Being a parent is a blessing. Adopting a child is the most honourable act a person can undertake in his lifetime. Giving a child the love, protection, and comfort that he or she deserves is the equivalent of giving him/her a new life. Adopting a child entails dozens of new obligations that must be met to ensure the child's well-being. Adoption in India is subject to several rules and regulations. There are various legislatures for Adoption in India but none of the rules and laws provides the right to adopt a child to LGBTQ couples. In India, only heterosexual cisgender men and women have the right to start a family. Despite its size and strength, the community has always been subjected to social stigma and discrimination. India is a democratic country but there are still regulations and laws that didn’t give the right of being a parent to the LGBTQ community and consider them incompetent.
The legislatures that cover adoption are the Hindu Adoptions and Maintenance Act, 1956 and the Guardians and Wards Act, 1890. If we take a closer look at the Hindu Adoptions and Maintenance Act, [i]Section 7 of the act states that a male Hindu who wishes to adopt a child must be of sound mind and have reached the age of majority. He must have a living wife whose consent is required. According to [ii]section 8 of the act, a Hindu female who wishes to adopt a child must have reached the age of majority and be of sound mind. She must be a widow, divorced, or unmarried. [iii]Section 11 of the act gives rights to Hindu couples to adopt a child. The eligibility of prospective adoptive parents is addressed in [iv]Section 57 of the Guardians and Wards Act. To adopt a child and provide him with a healthy upbringing, the adopted family must be fit and healthy, financially stable, mentally aware, and highly competent, according to this section, and both parties must consent to the adoption. If the terms of the Authority's adoption regulations are obeyed, a single or divorced individual can adopt, however, a single guy cannot adopt a girl kid. Single women and couples who have been engaged for at least two years are entitled to adopt a child of any gender, whereas a single man can only adopt a male kid, according to the Juvenile Justice Act of 2015 and the [v]Adoption Regulations of 2017.

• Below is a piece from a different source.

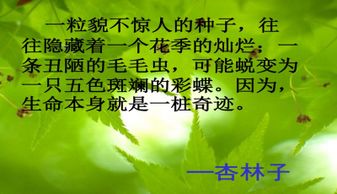 課間,注意事項(xiàng),活動,ppt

All these legislatures and regulations give the right to adopt a child to a female, a male and a married couple. A transgender and a bisexual person are not allowed to adopt a child as a single parent. On the other hand, a lesbian couple, gay couple or a queer couple also does not have a right to adopt a child as a parent. In India, same-sex marriages are not recognized which makes it more difficult for such couples to just have a thought of having a complete family. The Delhi High Court is currently hearing the case of [vi]Abhijeet Iyer Mitra vs. Union of India, which involves the validity of homosexual marriages. The legislature talks about competent parents in which they only consider males and females that have a straight sexual orientation. The LGBTQ community are not considered competent for being a parent. Despite previous Supreme Court decisions interpreting, article 21 of the Constitution – the right to life and personal liberty – includes the right to motherhood and reproductive autonomy, this does not appear to apply equally to same-sex couples, transgender people, and the LGBTQ+ community as a whole.
The question that arises from this scenario is that does be a member of the LGBTQ community makes you incapable of giving love to a child. There can be no possible reasoning for considering them incompetent. On September 6, 2018, the Supreme Court, in the case of [vii]Navtej Singh Johar & Ors. v. Union of India ruled that part out of Section 377 of the Indian Penal Code (IPC), which criminalized gay sex, violated the constitutional right to equality and dignity but does that change anything concerning the society, people still consider it as a topic of shame to even discuss. Even though Supreme Court has passed the laws, on the ground level the situation is still the same. The people of this community have to face nasty and mean comments now and then. So even if same-sex marriages will be allowed in India will they have the same respect as a heterosexual marriage, the answer to the question is sad no. The mindset of the majority of citizens of India is still in a cocoon in which they are not ready to accept this. Due to this degraded mindset, there is a high possibility that a child adopted by an LGBTQ community will likely face lots of social difficulties.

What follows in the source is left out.